Which lines come from the start of the listing through the line holding "BT Luxe Portable Baby Bathtub"? Restate exactly those, both included, minus the pictures.
-=-=-=-=-
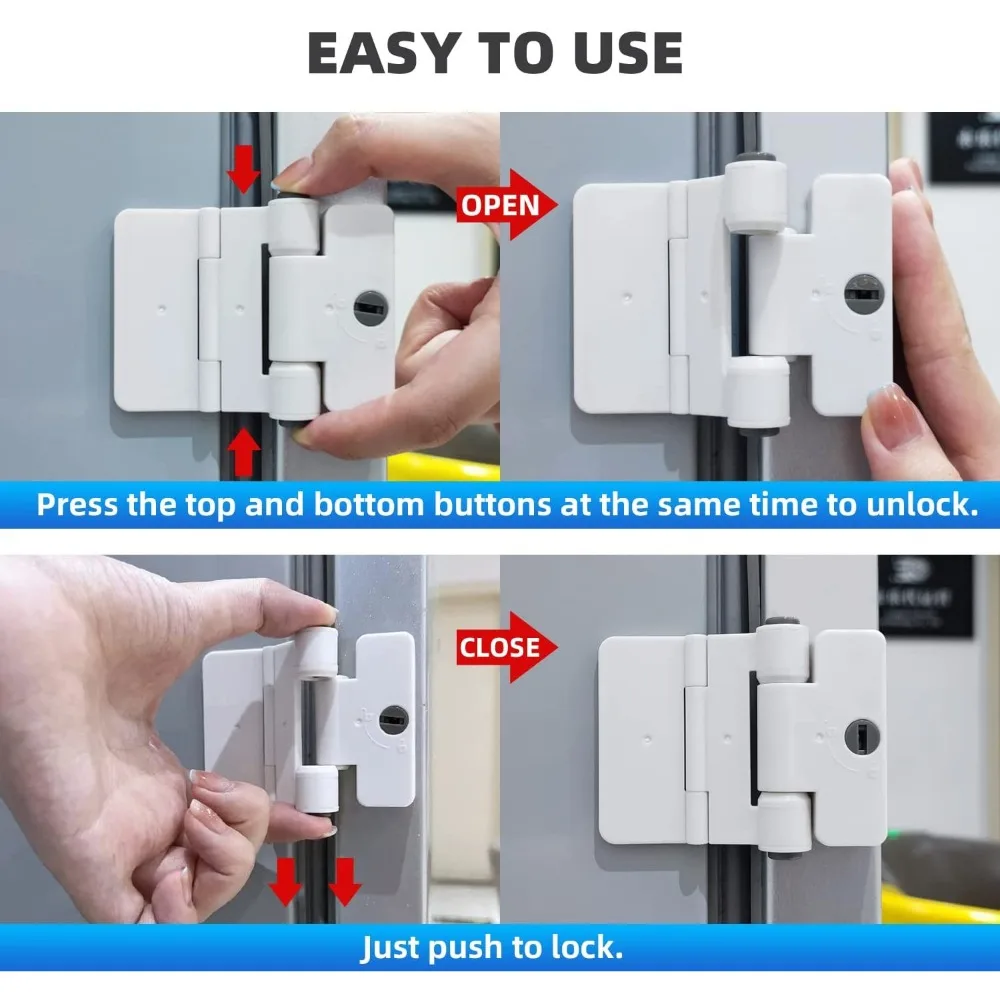 ABS Child Safety Lock for Cabinet Doors and Drawers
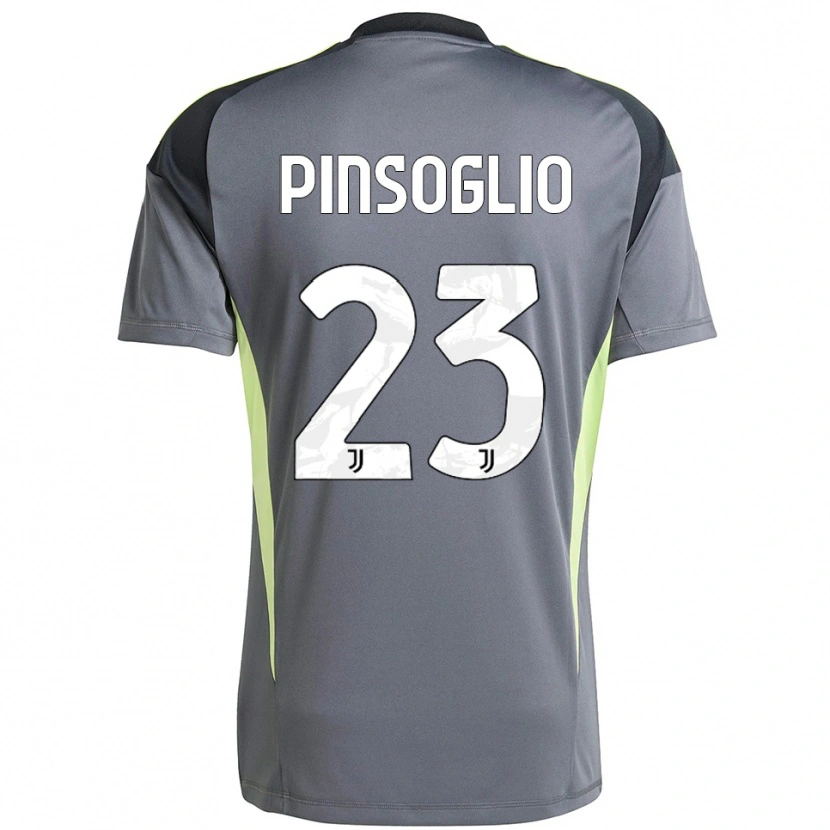Danxen Men Carlo Pinsoglio #23 Dark Gray White Goalkeeper Jersey 2025/26 T-Shirt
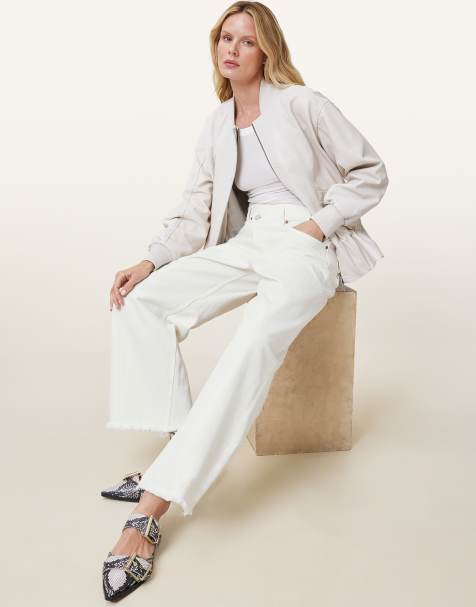AllSaints - Aki crossover - Jean - Blanc craie - view 1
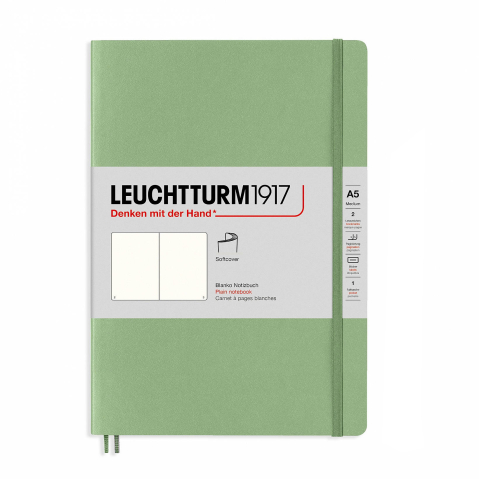 Rechizite Școlare - Caiet a5 velin coperta flexibila vernil pastel leuchtturm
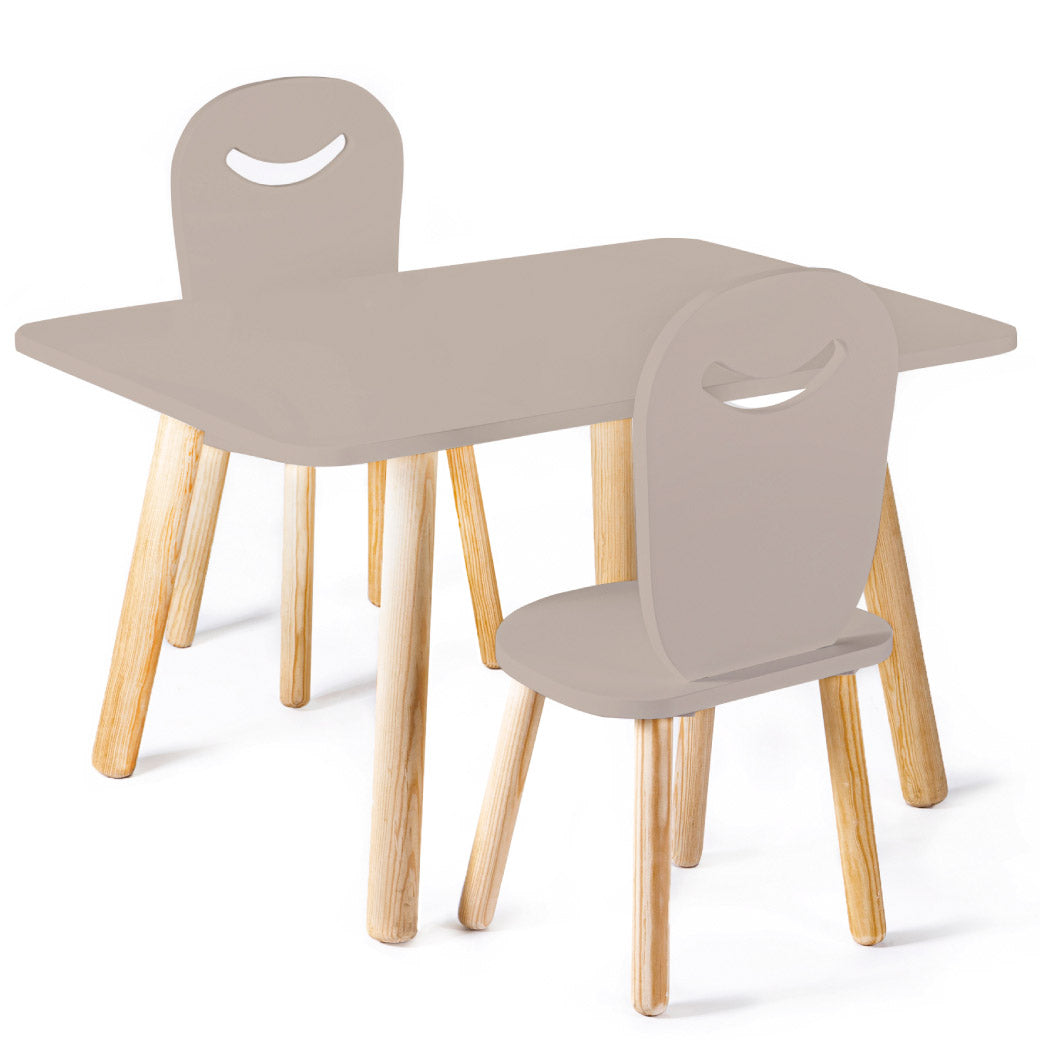 Mesa Natura Rectangular - Dos Sillas Feliz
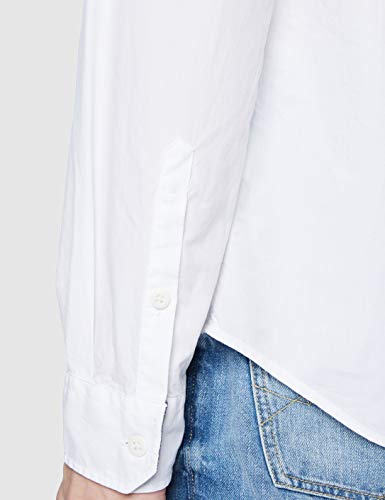 Tommy Hilfiger Original On End Camisa, Weiß (Classic White 100), Large para Hombre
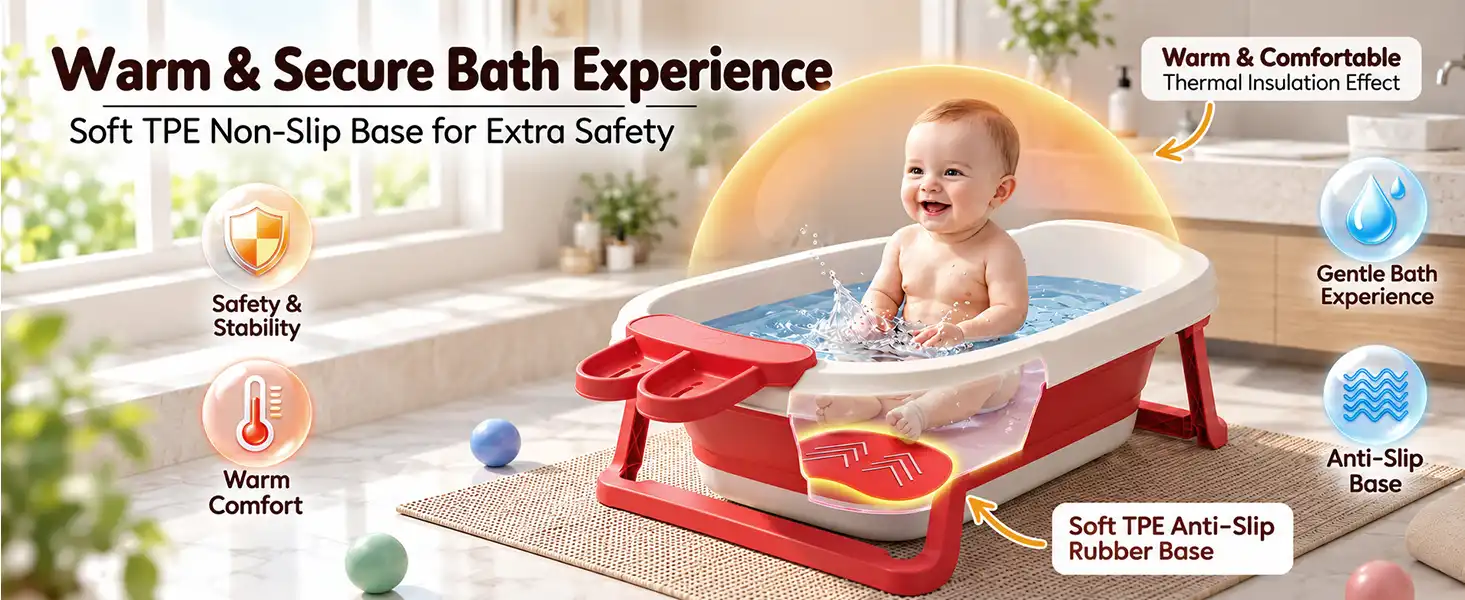 BT Luxe Portable Baby Bathtub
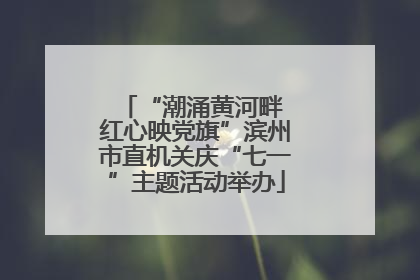 “潮涌黄河畔 红心映党旗”滨州市直机关庆“七一”主题活动举办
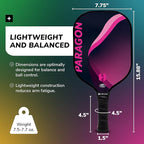 Arezzo - Pickleball Paddle Set of 2 - USAPA Certified - Graphite Fiberglass Surface, Lightweight Honeycomb Core - Outdoor Sports & Equipments - British D'sire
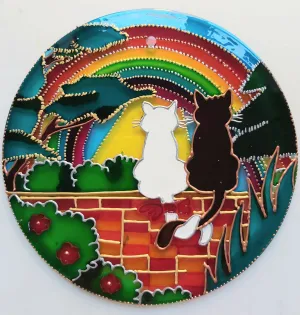 Woodland Cats Rainbow Suncatcher
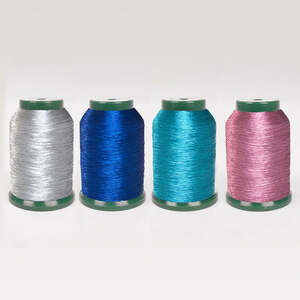 Threadart Variegated Polyester Embroidery Thread - 40wt - 1000m - 25 Colors  Available - No. 6 - Holiday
-=-=-=-=-
- Output for this task
 ABS Child Safety Lock for Cabinet Doors and Drawers
Danxen Men Carlo Pinsoglio #23 Dark Gray White Goalkeeper Jersey 2025/26 T-Shirt
AllSaints - Aki crossover - Jean - Blanc craie - view 1
 Rechizite Școlare - Caiet a5 velin coperta flexibila vernil pastel leuchtturm
 Mesa Natura Rectangular - Dos Sillas Feliz
 Tommy Hilfiger Original On End Camisa, Weiß (Classic White 100), Large para Hombre
 BT Luxe Portable Baby Bathtub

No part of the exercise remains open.